Problem to solve: Below are some records. Write out the lines from the one containing "亚星JS6126GHEV混合动力公交车" to the last line, word for word, leaving out pictures.

----------------

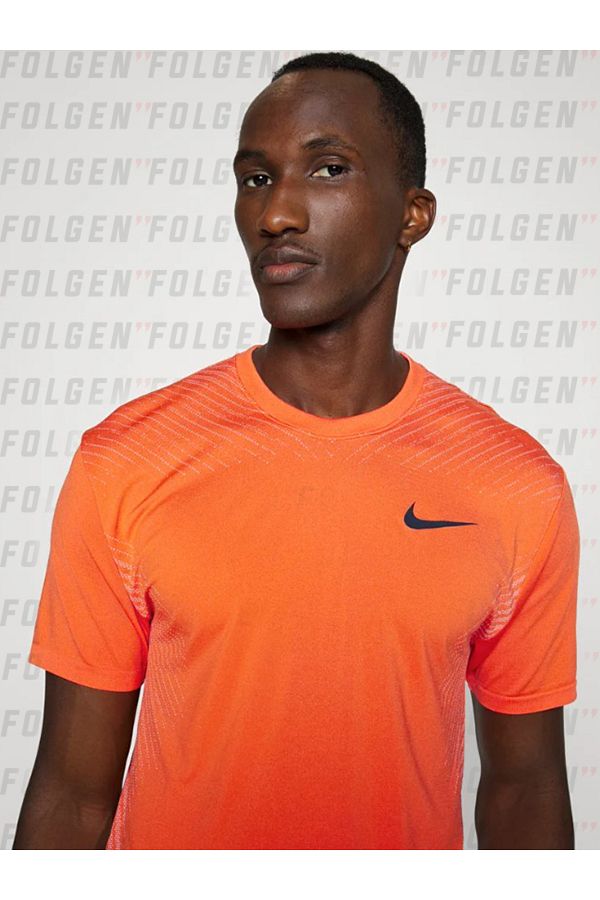 Men's nike orange t shirt best sale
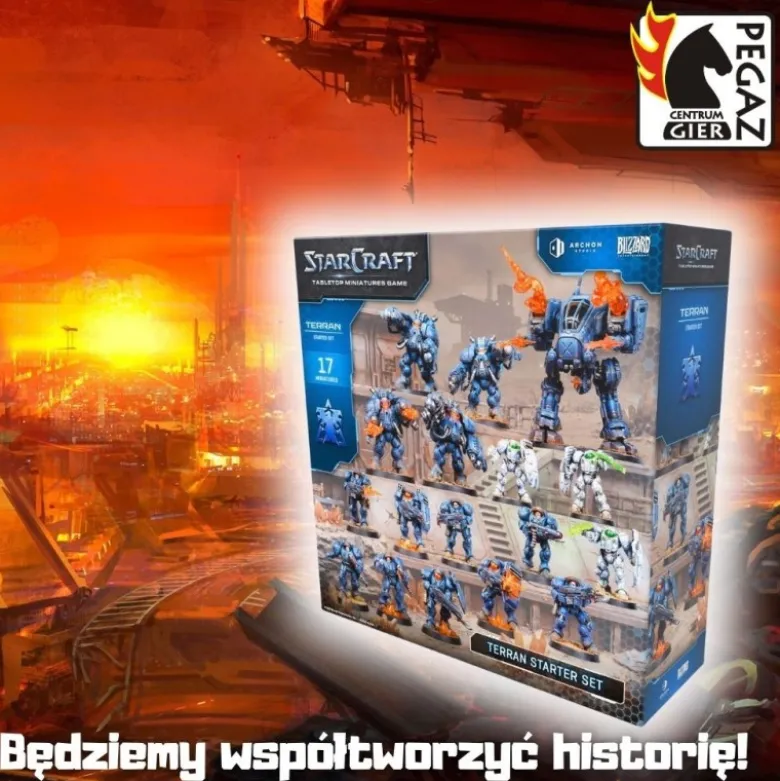 StarCraft- Armia Terran: Starter Set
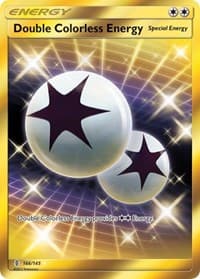 Double Colorless Energy (Secret) - SM - Guardians Rising - Pokemon card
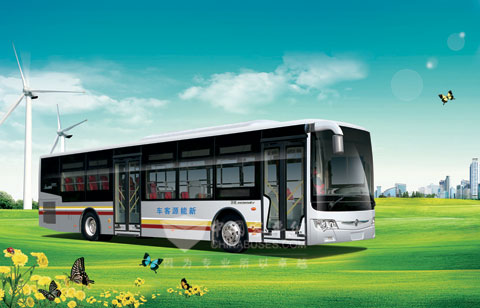 亚星JS6126GHEV混合动力公交车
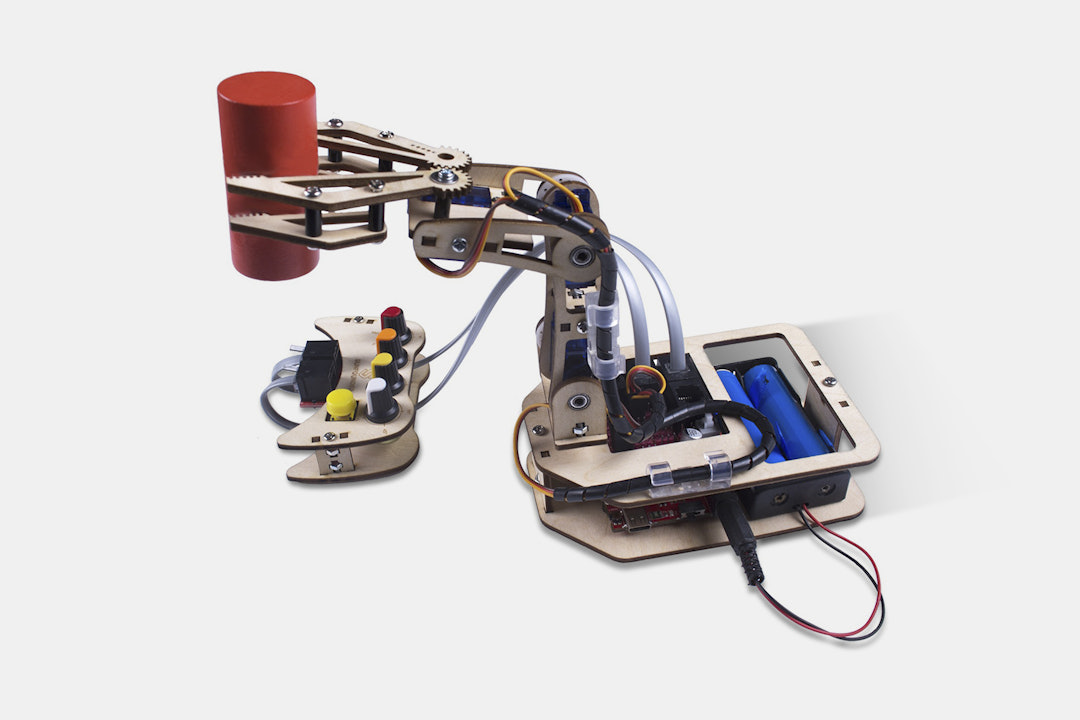 SunFounder 4-Axis Robotic Arm Kit for Arduino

----------------

Answer below:
 亚星JS6126GHEV混合动力公交车
 SunFounder 4-Axis Robotic Arm Kit for Arduino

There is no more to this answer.